What’s the chatter like on social?
Providing exclusive data to A+M, Digimind Social, which analysed social media sentiments from 7 to 11 May 2018, found that Malaysians showed a fixation on Fernandes’ support for BN during this period. Several netizens expressed “unsupportive views” of his endorsement of BN and former PM Najib and phrases such as “bang Jib” (brother Najib) were used when referencing the AirAsia aircraft decorated with BN-themed livery.
Besides voicing their outrage over Fernandes’ support for BN, online conversations also revolved around consumer experience taking a hit due to the sudden influx of Malaysians flying home to vote. This led to AirAsia-related discussions on social media in Malaysia peaking at 2005 mentions on 8 May, according to Digimind’s data. However, discussions around the topic tapered off after 8 May, most likely due to netizens shifting their attention from AirAsia to polling day.
While explicit calls to boycott AirAsia in light of Fernandes’ support of BN accounted for less than 10% of AirAsia-related chatter on social media, Digimind added that these discussions formed part of a larger conversation trend surrounding GE14. Netizens used harsh words such as “hardcore criminal” to describe former PM Najib, and expressed wishes for Airasia to “close shop” for their “betrayal” of Malaysians.
Digimind said that as a result of Fernades’ personal endorsement, “netizens associated AirAsia with supporting a corrupted party which could hurt the airline’s perception among locals in the immediate run.”
A+M has reached out to AirAsia for comments regarding consumer sentiments.
Should CEOs openly take on a political slant?
In a statement to A+M, Lars Voedisch, principal consultant and MD of PRecious Communications, said Fernandes built his personal brand by having and sharing an opinion. By default, this will lead to situations where people disagree with them, while some might appreciate that he is not playing it safe like most CEOs. However, Voedisch described politics to be an “emotionally charged” matter, which may result in Fernandes facing some heat for his actions.
He added that the role of CEOs and brands are evolving, with CEOs being increasingly expected to have an opinion, which will naturally cover politics. Voedisch added that instead of showing support for a particular party, CEOs should instead emphasise on the political issues they support – which may or may not relate back to a particular party.
Fairil Yeo, managing director, Singapore and head of digital, Asia Pacific, LEWIS, said by taking a stance, Fernandes is inviting attention and sentiment – be it positive or negative.
“CEOs and brands are often seen as one, and there could be adverse impact on the brand’s reputation despite the intent of the comment made [by the CEO],” Yeo said.

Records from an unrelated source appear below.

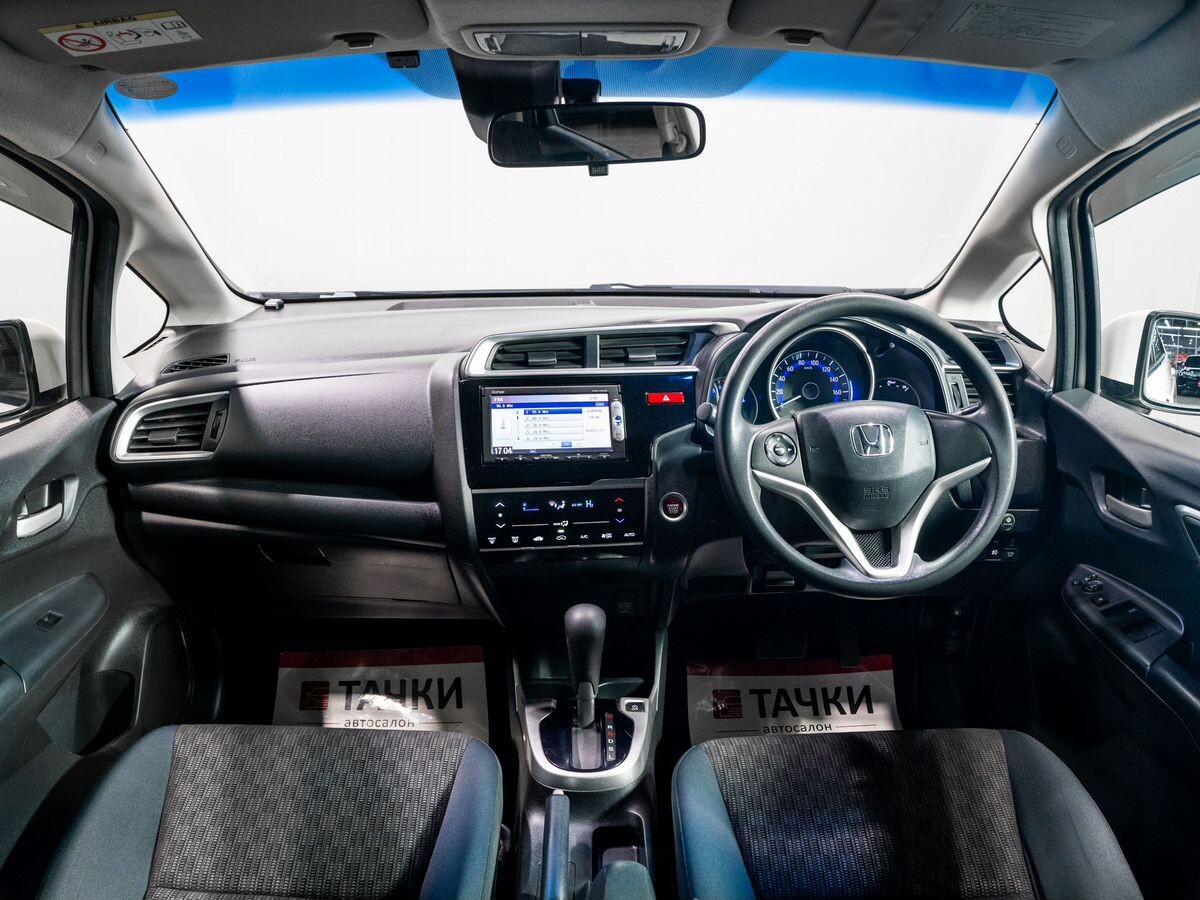 Honda Fit 2013 - фото автомобиля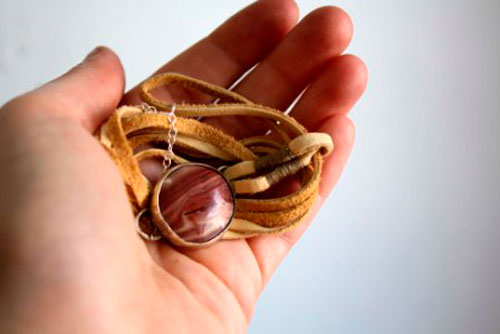 Shina, red sand bracelet in sterling silver, leather and picture jasper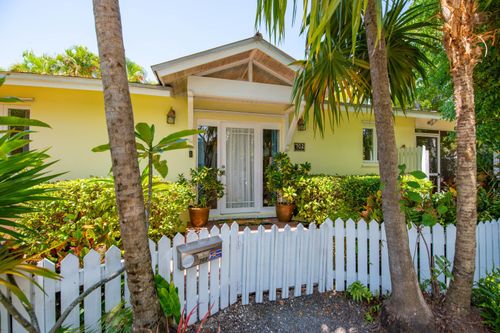 702 Florida St, Key West, FL, 33040-7017 | Card Image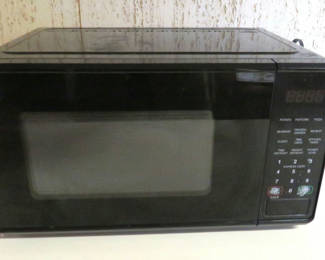 Lot 163: 1100 Watt Black Microwave Oven Works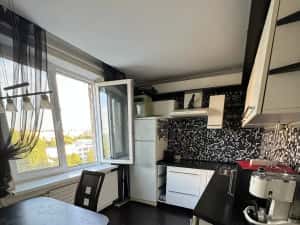 Ofer spre vanzare apartament de doua camere situat pe Bulevardul Bucurestii Noi — miniatura 7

Even so, consumers still question what a brand stands for, regardless of the topic, due to this “age of radical transparency”.
“Openly engaging in the support for political parties is always a risky position to occupy, but it does give CEOs the opportunity to represent themselves in what they believe in,” Yeo added.
Also weighing in on the conversation is Tarun Deo, managing director of Singapore and Southeast Asia, who said that historically, business prudence dictated that companies do not take sides, at least in public around political support. But the reality in today’s polarised environment is that companies and their CEOs are increasingly being drawn into these discussions.
“So they need to be prepared to have these discussions, at times in the public domain and are expected to present their point of view by various stakeholders,” Deo said.